В те дни в Ленинграде умерла Евгения Трофимовна Савич. Ей было 59 лет.
«Дом-сказка» погиб: в 42-ом от попадания зажигательной бомбы в нем начался пожар, который продолжался несколько дней и уничтожил большую часть здания. Тушить было некому. Дом на углу Пряжки, в котором жил когда-то Блок, тоже разбомбили.«Дорогая мамочка! Я нахожусь на Сев. Кавказе. Сейчас на рынке продают фрукты, а у меня нету денег. Если можешь, вышли, как только получишь письмо».
В Лабинской детдомовцев с воспитателями поселили в пустующем здании школы на улице Сталина.
Топчаны, посредине столик. Вечером, когда воспитатели гасили свет, кто-то обязательно начинал плакать, кто-нибудь из маленьких, чаще всего Нина Егорова.
– Что ты плачешь, Нина?
– Маму вспомнила.
Вслед всхлипывала Валя Михайловская:
– У меня была маленькая сестренка, я ее обижала, не играла с ней, когда она просилась, а теперь ее нет.

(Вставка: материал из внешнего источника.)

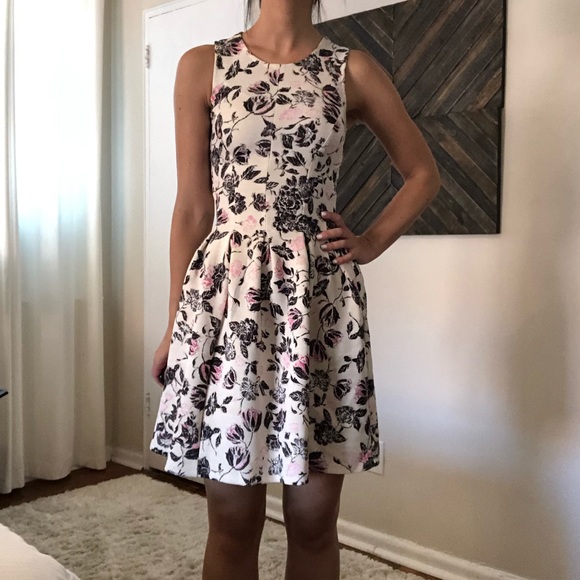 H&M Dresses & Skirts - H&M Fit & Flare Floral Dress Scuba Material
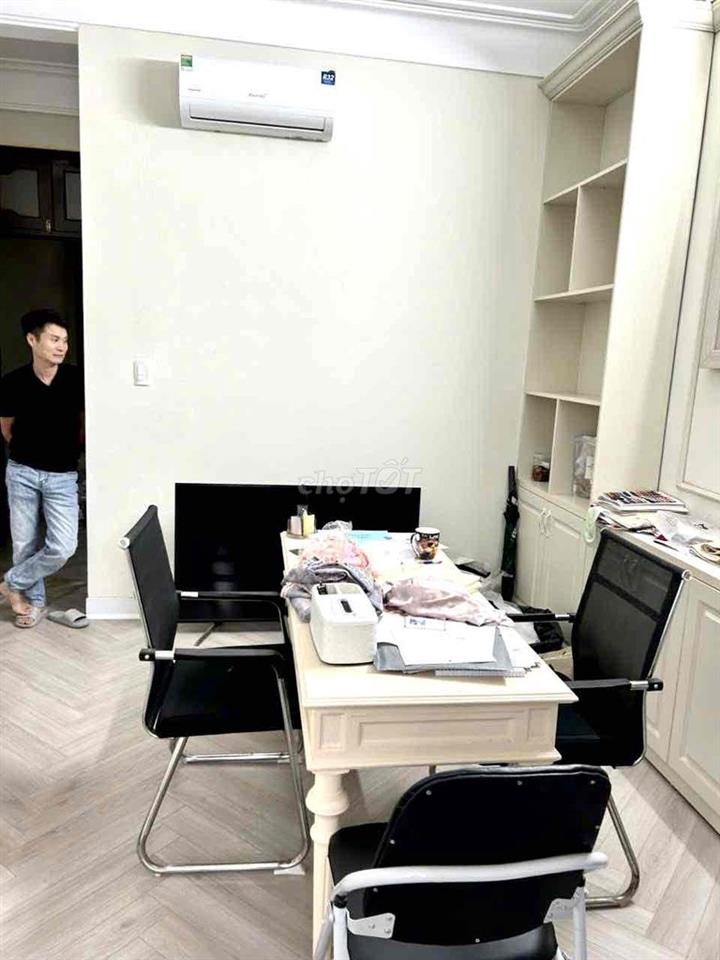 Chính chủ cho thuê nhà mặt phố 110 Tuệ Tĩnh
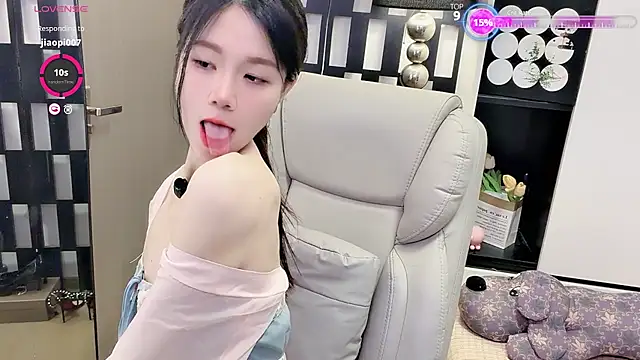 Snapshot of Yueyue-MM chatting on 06-19-26, 02:05 Yueyue-MM online show from 06-19-26, 02:05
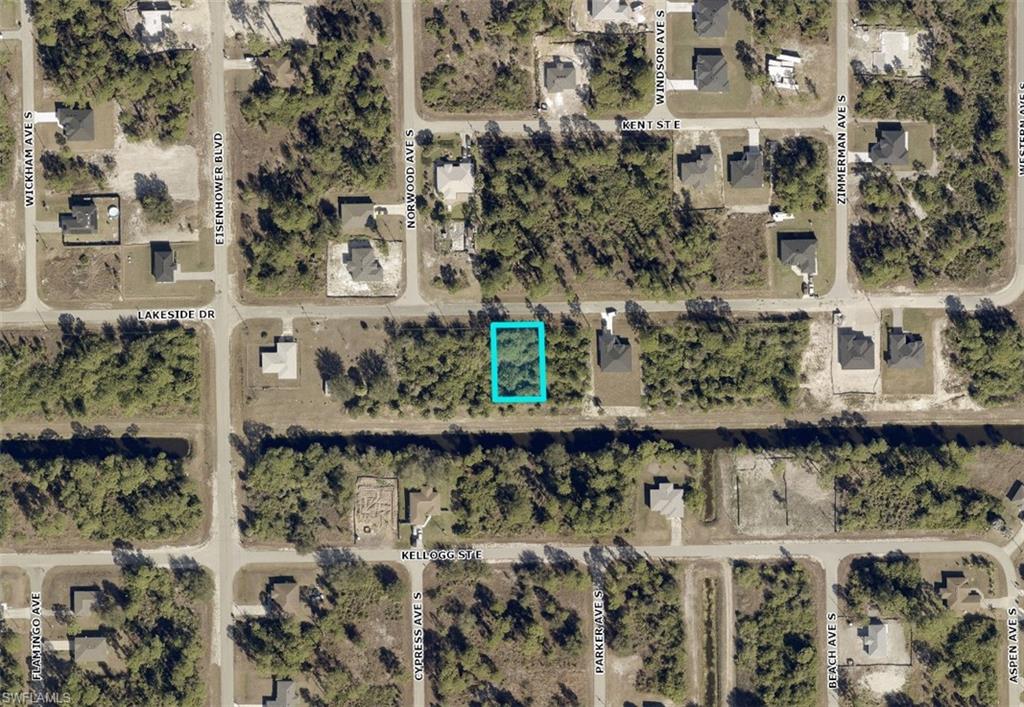 1010 Lakeside Dr Property Photo 6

Плач тоненько подхватывала Ира Малявкина, избалованная, видно, была девочка, теперь-то не перед кем было капризничать. Галя садилась на топчан, поджав ноги:
– Тише, девочки, послушайте, – и заводила. – За лесами, за долами, за широкими морями. Против неба на земле, жил старик в одном селе. У старинушки три сына.
Дедушка Миша всегда утверждал, что ребенку читать можно все – он сам отделит лишнее и впитает нужное. К тому времени Галя впитала много: «Морской волчонок», «Всадник без головы», «Аэлита», «Ашик-Кериб», сказки Шарля Пьеро – только не про Красную шапочку, не про бабушку и домашние пирожки! Скакал по центральной улице Лабинской Морис-Мустангер, кружили в вальсе между кроватями Наташа с Андреем Болконским, в ногах сворачивалась Белая кошечка. Затихала Нина, переставала всхлипывать Валя, сопела, подложив ладошки под щеку, Ира.
Галя беззвучно плакала, уткнувшись в подушку стриженой головой.«Мне детский дом опротивел. Тут находиться, как в тюрьме: ни сесть, ни встать без спросу. Ребят оставляют без обеда, без завтрака. Говорят, что нам дают вдосталь, а сами дадут утром стакан кислой пахты, вот и всё молоко. За ребятами приезжают родные и забирают. Попросись, чтоб тебя отпустили приехать за мной».